Government will shortly lay before Parliament two Statutory Instruments: the Conduct of Employment Agencies and Employment Businesses (Amendment) Regulations 2022, and the Liability of Trade Unions in Proceedings in Tort (Increase of Limits on Damages) Order 2022.
Removal of regulation 7 of the Conduct Regulations 2003
The recruitment sector is regulated by the Employment Agencies Act 1973 and the Conduct of Employment Agencies and Employment Businesses Regulations 2003 (“the Conduct Regulations”). Regulation 7 of the Conduct Regulations makes it a criminal offence for an employment business to knowingly (or having reasonably grounds for knowing) provide temporary workers to an employer to perform the duties of workers taking part in an official strike or other industrial action.

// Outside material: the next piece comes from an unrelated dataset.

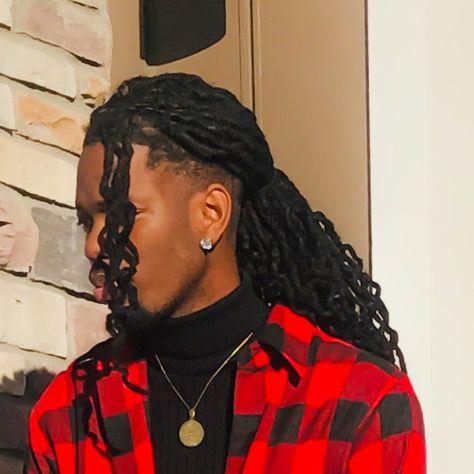 African American Man with Long hair Long Dreadlock Hairstyles For Men, Long Locks Men, Mens Long Dreadlock Styles, Long Dreads Ponytail Men, Long Dreadlocks Men, Men With Long Locs, Long Dreads Men, Long Dread Hairstyles For Men, Black Men Dreadlocks Styles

Repealing these burdensome legal restrictions, will give businesses impacted by strike action the freedom to tap into the services of employment businesses who can provide skilled, temporary agency staff at short notice to temporarily cover essential roles for the duration of the strikes.

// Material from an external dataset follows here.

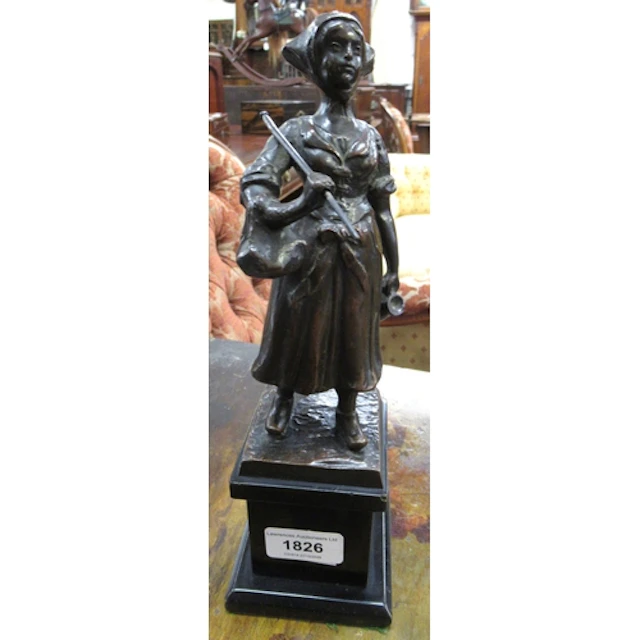 After Anton Nagel, early 20th Century bronze figure of a Ger...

We believe the changes we are making will help mitigate the impact of future strikes, such as those seen on our railways this week, by allowing trained, temporary workers to carry out crucial roles to keep trains moving. The change in law, which will apply across all sectors, is designed to minimise the negative and unfair impact of strikes on the British public by ensuring that businesses and services can continue operating. For example, strikes in public services such as education can often mean parents have to stay at home with their children rather than go to work, or rail sector strikes stopping commuters getting to work or to other businesses.
It should be noted that removing this regulation does not put in place any new barriers on an individual’s right to take part in lawful industrial action. Employment Businesses will not be required to supply agency workers to businesses, rather the change that we are making simply provides the freedom to do so should they wish to. Similarly, a key part of our protections for agency workers is that they cannot be compelled to take on assignments and removing this regulation does not alter existing health and safety requirements.

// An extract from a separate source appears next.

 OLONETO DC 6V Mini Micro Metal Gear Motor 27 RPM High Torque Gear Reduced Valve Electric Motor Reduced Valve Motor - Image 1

Increase to the damages cap for unlawful strikes
When they are considering legal claims against unions which organise or authorise unlawful strikes, employers may decide to bring a claim for damages against the union. The Trade Union and Labour Relations (Consolidation) Act 1992 sets the upper limits to the damages that can be awarded based on the size of the union that organised the unlawful strike action. The levels of damages have not been reviewed since 1982 and are significantly out of date.
Increases the existing caps for damages awarded against trade unions for organising unlawful strike action in line with inflation, using the Retail Price Index (RPI) as the measure of inflation.
Unions who comply with the statutory balloting framework and wider trade union legislation will be unaffected by this change. This statutory instrument does not affect the right to strike. So long as unions follow the law, they will continue to be protected from damages claims as they are now. The Government is simply increasing the damages caps for unlawful strike action to broadly the levels they would have been at, had they been updated regularly since 1982.